The Federal Constitution’s Requirement of Consent by the “Legislatures” of Concerned States
I speak here of the requirement in Article IV, Section 3, of the US Constitution that before new states can be created out of existing states, there must be “Consent of the Legislatures of the States concerned.” The question is whether the people of a state can, within the meaning of the federal Constitution, act directly to constitute a “legislature” for these purposes, or whether the elected folks in Sacramento have to consent instead. (Interestingly, the state law revision/amendment issue and the federal Article IV issue both focus on the permissibility of direct action by the people in lieu of action by elected state representatives, even though they come at the question from different legal routes.) My own view, based on scholarship I have done on the text, history, and structure of the Constitution is that the people of a state should be able to consent by initiative because the word “legislature” in the Constitution should almost always be read to permit direct action by the people, but my views in this regard have been rejected by recent US Supreme Court case law. And since lower courts (both state and federal) are bound by the US Supreme Court’s reading of the US Constitution, legal challenges to Cal3 based on Article IV of the federal Constitution have legs.
The Court has had various occasions to examine the term “legislature” of the states as it appears in various places in the Constitution, and it has interpreted it in different ways. In Hawke v. Smith, in 1920, the Court prohibited the use of direct democracy (in that case the referendum device, a close cousin of the initiative) that the people of Ohio tried to employ to undo the state’s (already finalized) ratification of a federal constitutional amendment under the terms of Article V of the Constitution, which also uses the word “Legislature.” The Court in Hawke observed: “‘legislature’ … ‘was not a term of uncertain meaning when incorporated into the Constitution,’ and ‘what it meant when adopted it still means,’ namely, ‘the representative body which made the laws of the people.’” (I have written in academic scholarship that the Hawke Court reached the right result because Ohio’s ratification was already communicated to DC and could not be undone, but not because the word “legislature” should be read to forbid the use of the referendum device.)
In two other important cases from the first half of the twentieth century, Ohio ex. rel. Davis v. Hildebrant (1916) and Smiley v. Holm (1932), the Court read the word “legislature,” as it appears in Article I, Section 4, of the Constitution, more flexibly (and, to my mind, more convincingly.) Article I, Section 4 (the “Elections Clause”) provides that the “Times, Places and Manner” of administering congressional elections shall be prescribed in the first instance by the “legislature[s]” of the states, and the Court in Hildebrant and Smiley held that the term “legislature” in this part of the Constitution did not prevent the involvement of either the people directly (via the referendum) or the governor (via presentment to him for a possible veto), respectively, in legislation creating congressional districts.
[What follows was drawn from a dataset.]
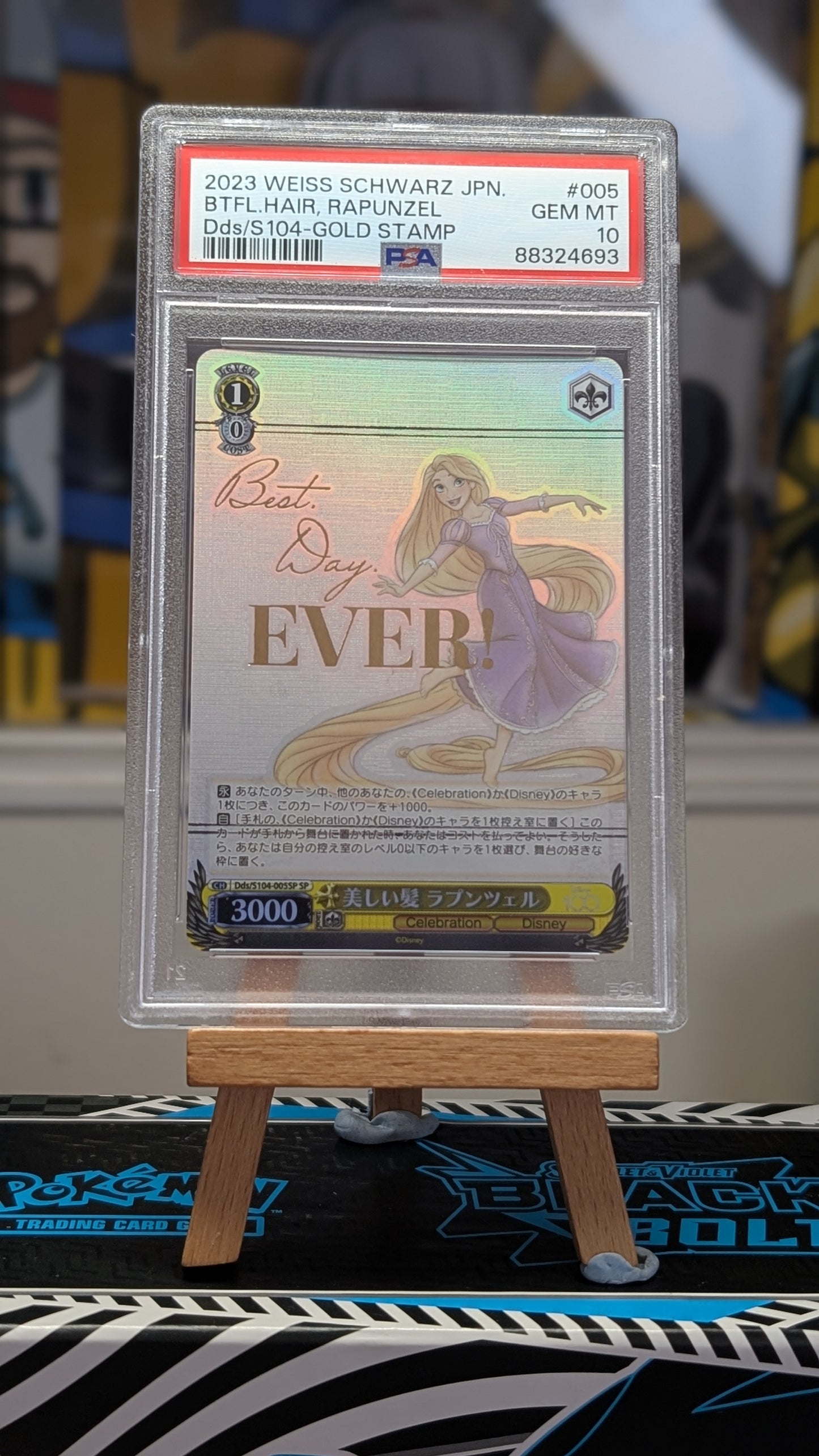 Rapunzel- Beautiful Hair- PSA 10  Dds/S104-005SP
In these cases, the Court effectively held that “legislature” refers not a specific elected body of persons, but to the idea of a legislative process that is consistent with state law. Because, in the two cases at issue, state law authorized the referendum and gubernatorial involvement in question as part of the general legislative process, there was no problem applying that legislative process to the districting realm.
That was essentially the reasoning employed in an important ruling three years ago, in Arizona Elected Legislature v. Arizona Independent Redistricting Commission (AIRC). The case raised the question whether the US Constitution and congressional statutes permit the people of a state to adopt and implement an initiative creating an independent redistricting commission—i.e., a commission that is not controllable by the elected state legislature—to do the job of devising congressional districts. Arizona voters passed just such an initiative in 2000 (Proposition 106), and the elected Arizona legislature (acting as a body) challenged the measure, arguing primarily that Article I’s Elections Clause prevents a state from completely divesting district-drawing power from the elected state legislature. The Court rejected that claim, and (as in Hildebrant and Smiley) held that Article V’s reference to “Legislature” is different from Article I, Section 4’s reference to “Legislature.”
The AIRC Court emphasized that “[T]he meaning of the word ‘legislature,’ used several times in the federal Constitution, differs according to the connection in which it is employed, depend[ent] upon the character of the function which that body in each instance is called upon to exercise.”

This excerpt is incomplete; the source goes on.